Your objective: The first line of the entries is where the copy starts and the line with "43 Vorschulkinder drängen" is where it ends; set down each line exactly, both ends included, and drop pictures.

━━━━━━━━

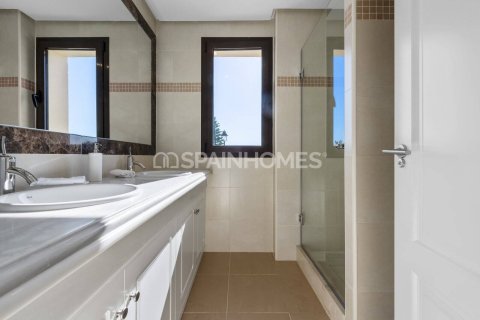 3 dormitorios Villa en Estepona, Spain No. 25671 25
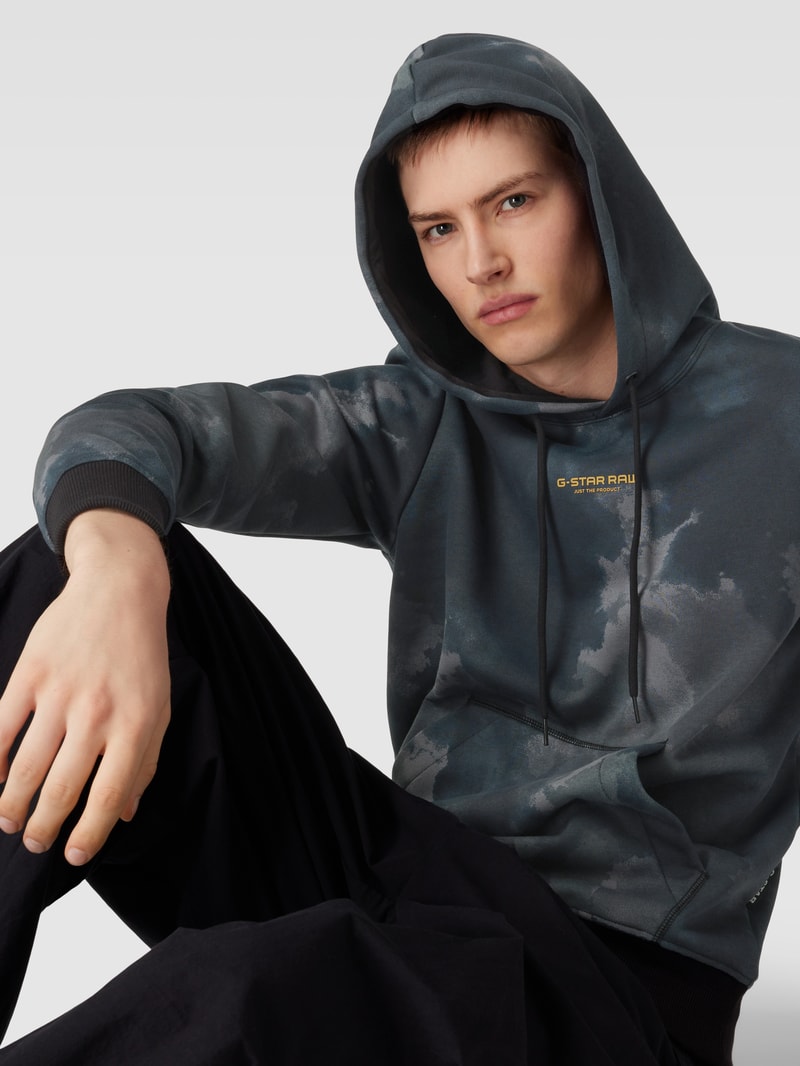 Hoodie mit Allover-Print in schwarz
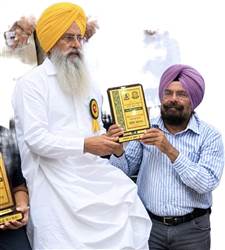 ਹੁਸ਼ਿਆਰ ਸਿੰਘ ਰਾਣੂ ਆਧੁਨਿਕ ਤੇ ਟਿਕਾਊ ਖੇਤੀ ਲਈ ਸਨਮਾਨਿਤ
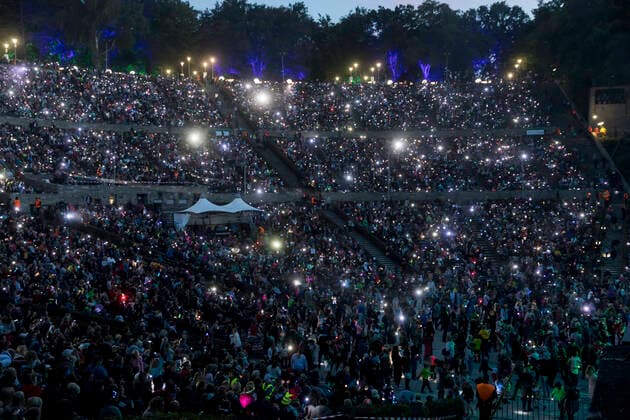 19 Taschenlampenkonzert, Zuschauer mit Taschenlampen in der Berliner Waldbuehne am 14.09.19, Lichtermeer, Taschenlampen, Beleuchtung, Kinder, Kinderkonzert, Kinderunterhaltung, Uebersicht, Besucher, Athmosphaere, Musik Berlin Deutschland, Germany Copyright: xPOP-EYEx xBenxKriemannx POP-EYE_10119056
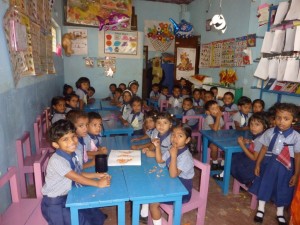 43 Vorschulkinder drängen sich in einem Raum. Ein Ehepaar aus Hanau lässt gerade einen Erweiterungsbau im srilankischen Beruwela erreichten. Karl Eyerkaufer hat das vermittelt. Foto: Klaus Nissen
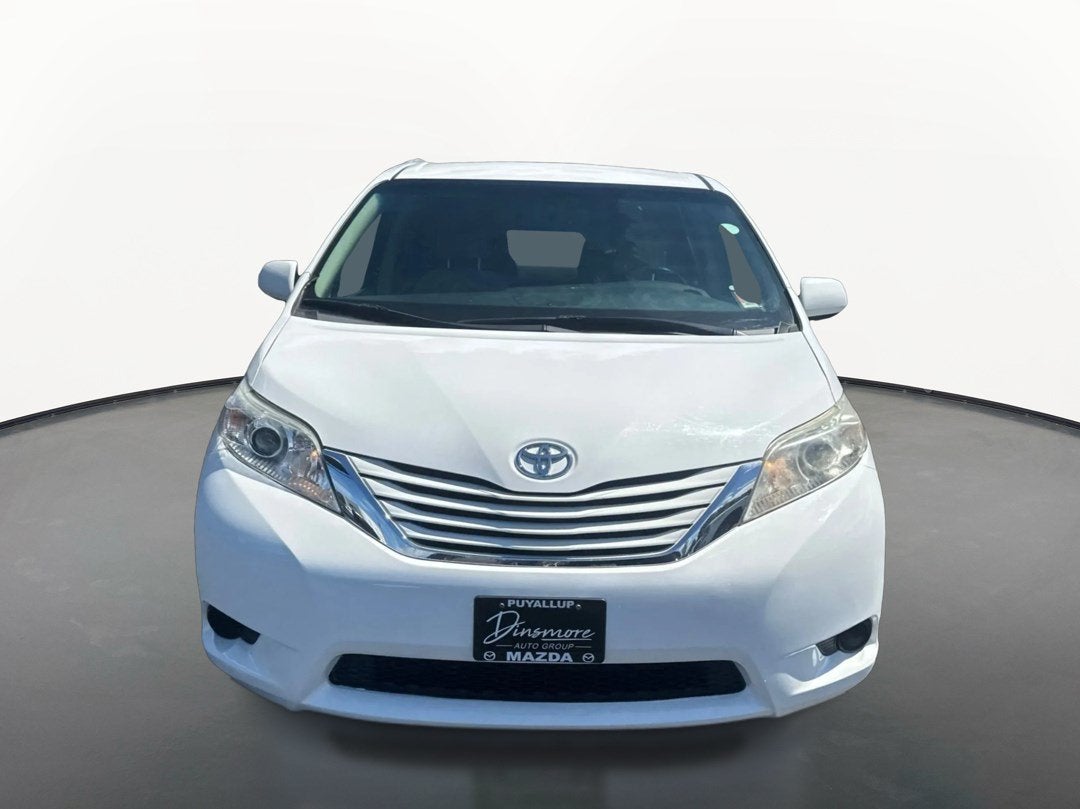 2017 Toyota Sienna LE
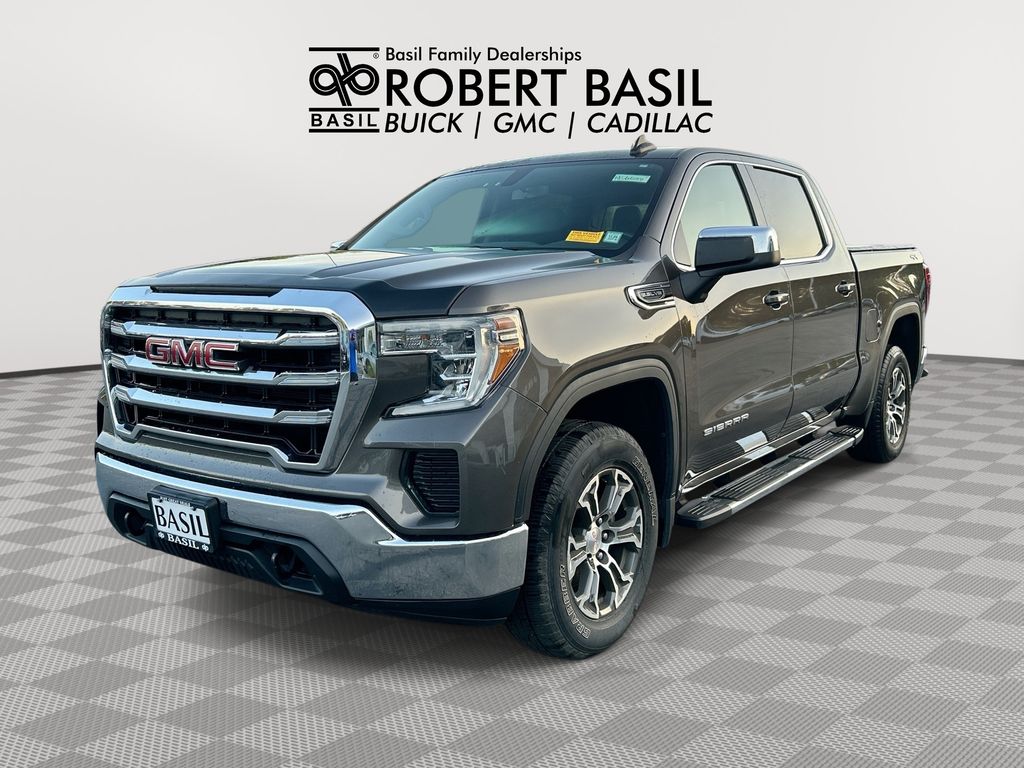 2019 GMC Sierra 4WD Crew Cab Short Box SLE's photo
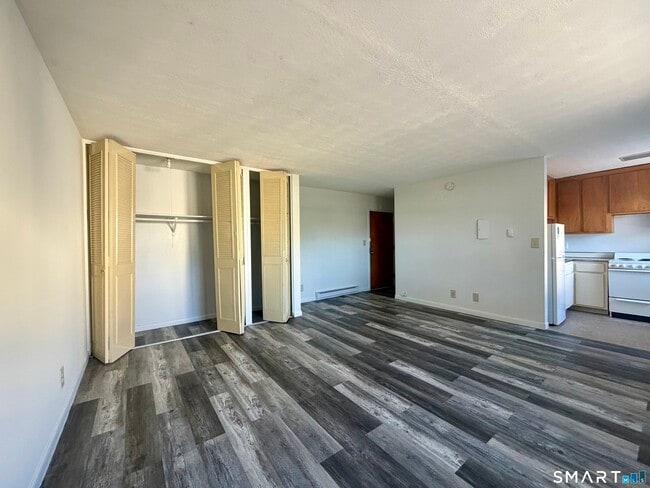 Building Photo - 35 Beers St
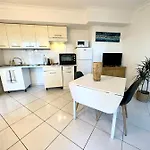 1 Bedroom Plein Centre Juan Les Pins Antibes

━━━━━━━━

Exercise solution:
 3 dormitorios Villa en Estepona, Spain No. 25671 25
 Hoodie mit Allover-Print in schwarz
 ਹੁਸ਼ਿਆਰ ਸਿੰਘ ਰਾਣੂ ਆਧੁਨਿਕ ਤੇ ਟਿਕਾਊ ਖੇਤੀ ਲਈ ਸਨਮਾਨਿਤ
 19 Taschenlampenkonzert, Zuschauer mit Taschenlampen in der Berliner Waldbuehne am 14.09.19, Lichtermeer, Taschenlampen, Beleuchtung, Kinder, Kinderkonzert, Kinderunterhaltung, Uebersicht, Besucher, Athmosphaere, Musik Berlin Deutschland, Germany Copyright: xPOP-EYEx xBenxKriemannx POP-EYE_10119056
 43 Vorschulkinder drängen sich in einem Raum. Ein Ehepaar aus Hanau lässt gerade einen Erweiterungsbau im srilankischen Beruwela erreichten. Karl Eyerkaufer hat das vermittelt. Foto: Klaus Nissen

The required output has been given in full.